"It's fair to say that a sea change has taken place," says Stern, director of the Space Studies Department in the SwRI Space Science and Engineering Division. "We used to consider comets as wholly unchanged relics that had been stored ever since the era of solar system formation in a distant, cold, timeless deep freeze called the Oort cloud. We now appreciate that a variety of processes slowly modify comets during their storage there," he says. "As a result, it's become clear that the Oort cloud and its cousin the Kuiper Belt are not such perfect deep freezes."

The first evolutionary process to be recognized as affecting comets during their long storage was radiation damage, followed by the discovery that sandblasting from dust grains in the interstellar medium plays an important role. Next, researchers theorized that comets in the Oort cloud are heated to scientifically significant temperatures by passing stars and supernovae, says Stern. More recently, researchers are finding that comets in the Kuiper Belt are heavily damaged by collisions.

"It also now seems inevitable that most comets from the Kuiper Belt, though constructed of ancient material, cannot themselves be ancient -- instead they must be 'recently' created chips off larger Kuiper Belt Objects, formed as a result of violent impacts," says Stern. "This is truly a paradigm shift. Many of the short-period comets we see aren't even ancient!"

The classical view that comets do not evolve while they are stored far from the sun in the Oort cloud and Kuiper Belt began to change as far back as the 1970s, but the pace of discoveries about the way comets evolve picked up considerably in the 1980s and 1990s.

As a result of these findings, astronomers now better appreciate that comets, though still the most pristine bodies known, have been modified in several important ways since their birth, says Stern.

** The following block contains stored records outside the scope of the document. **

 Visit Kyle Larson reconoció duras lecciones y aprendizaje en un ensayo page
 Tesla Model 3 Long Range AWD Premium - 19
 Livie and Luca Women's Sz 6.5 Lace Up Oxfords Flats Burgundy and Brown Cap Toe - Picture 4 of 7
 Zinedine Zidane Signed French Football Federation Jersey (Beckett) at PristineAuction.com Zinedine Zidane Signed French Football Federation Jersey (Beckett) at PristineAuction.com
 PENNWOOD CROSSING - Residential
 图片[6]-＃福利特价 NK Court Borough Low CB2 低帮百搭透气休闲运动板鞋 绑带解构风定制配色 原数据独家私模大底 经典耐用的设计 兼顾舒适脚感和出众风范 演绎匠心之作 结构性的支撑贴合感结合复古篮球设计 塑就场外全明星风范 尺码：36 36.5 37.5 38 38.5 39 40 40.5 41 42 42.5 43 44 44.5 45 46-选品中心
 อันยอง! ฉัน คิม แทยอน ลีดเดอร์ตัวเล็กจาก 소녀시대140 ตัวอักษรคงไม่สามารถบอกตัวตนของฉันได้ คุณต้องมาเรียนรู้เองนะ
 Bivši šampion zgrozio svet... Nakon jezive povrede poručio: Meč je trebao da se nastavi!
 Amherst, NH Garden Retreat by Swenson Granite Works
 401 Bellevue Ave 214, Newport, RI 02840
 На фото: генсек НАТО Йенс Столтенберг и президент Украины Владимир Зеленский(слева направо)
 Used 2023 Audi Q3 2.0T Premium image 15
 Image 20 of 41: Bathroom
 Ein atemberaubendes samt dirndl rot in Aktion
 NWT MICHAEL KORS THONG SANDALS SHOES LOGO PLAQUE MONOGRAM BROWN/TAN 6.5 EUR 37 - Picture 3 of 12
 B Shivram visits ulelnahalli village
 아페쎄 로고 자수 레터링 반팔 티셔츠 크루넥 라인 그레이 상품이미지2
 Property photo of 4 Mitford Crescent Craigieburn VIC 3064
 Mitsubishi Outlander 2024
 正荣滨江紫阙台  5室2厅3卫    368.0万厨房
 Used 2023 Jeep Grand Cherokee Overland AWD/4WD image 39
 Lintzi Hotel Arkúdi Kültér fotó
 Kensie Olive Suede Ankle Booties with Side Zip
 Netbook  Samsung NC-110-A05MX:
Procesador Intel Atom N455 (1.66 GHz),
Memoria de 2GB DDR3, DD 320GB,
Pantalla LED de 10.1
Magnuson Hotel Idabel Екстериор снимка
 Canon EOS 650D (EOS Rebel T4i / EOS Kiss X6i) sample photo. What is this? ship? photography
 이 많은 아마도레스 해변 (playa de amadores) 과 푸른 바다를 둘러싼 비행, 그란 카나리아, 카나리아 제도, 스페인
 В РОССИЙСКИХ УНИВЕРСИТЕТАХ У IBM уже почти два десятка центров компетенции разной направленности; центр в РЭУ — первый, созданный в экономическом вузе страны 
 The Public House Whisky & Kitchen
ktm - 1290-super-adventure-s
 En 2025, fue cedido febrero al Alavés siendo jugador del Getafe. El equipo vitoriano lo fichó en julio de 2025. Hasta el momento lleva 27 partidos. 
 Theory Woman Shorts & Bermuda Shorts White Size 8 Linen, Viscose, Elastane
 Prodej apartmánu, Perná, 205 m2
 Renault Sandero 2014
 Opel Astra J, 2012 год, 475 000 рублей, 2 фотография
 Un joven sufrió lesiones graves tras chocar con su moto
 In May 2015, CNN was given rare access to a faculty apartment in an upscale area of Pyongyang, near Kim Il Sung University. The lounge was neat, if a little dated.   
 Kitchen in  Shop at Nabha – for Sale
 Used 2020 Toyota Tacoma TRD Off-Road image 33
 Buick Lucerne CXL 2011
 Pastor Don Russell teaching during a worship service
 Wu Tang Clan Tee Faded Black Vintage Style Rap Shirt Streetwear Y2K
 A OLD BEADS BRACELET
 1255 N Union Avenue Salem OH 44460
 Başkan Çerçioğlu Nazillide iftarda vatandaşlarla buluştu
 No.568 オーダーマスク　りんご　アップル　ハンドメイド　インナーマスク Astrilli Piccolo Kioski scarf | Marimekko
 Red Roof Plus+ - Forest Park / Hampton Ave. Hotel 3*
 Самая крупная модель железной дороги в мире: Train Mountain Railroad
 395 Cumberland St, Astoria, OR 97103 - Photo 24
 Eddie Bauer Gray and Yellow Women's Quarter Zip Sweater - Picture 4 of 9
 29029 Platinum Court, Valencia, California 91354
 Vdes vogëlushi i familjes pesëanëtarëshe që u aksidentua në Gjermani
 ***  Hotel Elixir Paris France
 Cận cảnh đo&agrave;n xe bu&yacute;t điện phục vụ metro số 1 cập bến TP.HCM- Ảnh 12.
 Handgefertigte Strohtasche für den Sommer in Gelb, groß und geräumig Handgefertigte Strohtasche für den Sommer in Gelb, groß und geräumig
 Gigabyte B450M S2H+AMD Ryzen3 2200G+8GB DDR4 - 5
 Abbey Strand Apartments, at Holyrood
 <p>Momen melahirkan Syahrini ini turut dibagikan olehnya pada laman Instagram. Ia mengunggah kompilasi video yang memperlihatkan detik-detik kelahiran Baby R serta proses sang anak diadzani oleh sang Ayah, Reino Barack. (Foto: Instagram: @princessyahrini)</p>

The realization that comets evolve during their long storage in the Oort cloud and Kuiper Belt provides insight and context to more confidently evaluate the results of astronomical and space mission observations of comets. So, too, it suggests that cometary sample return missions now on the drawing board for NASA should employ relatively deep subsurface sampling if truly pristine, ancient material is to be collected.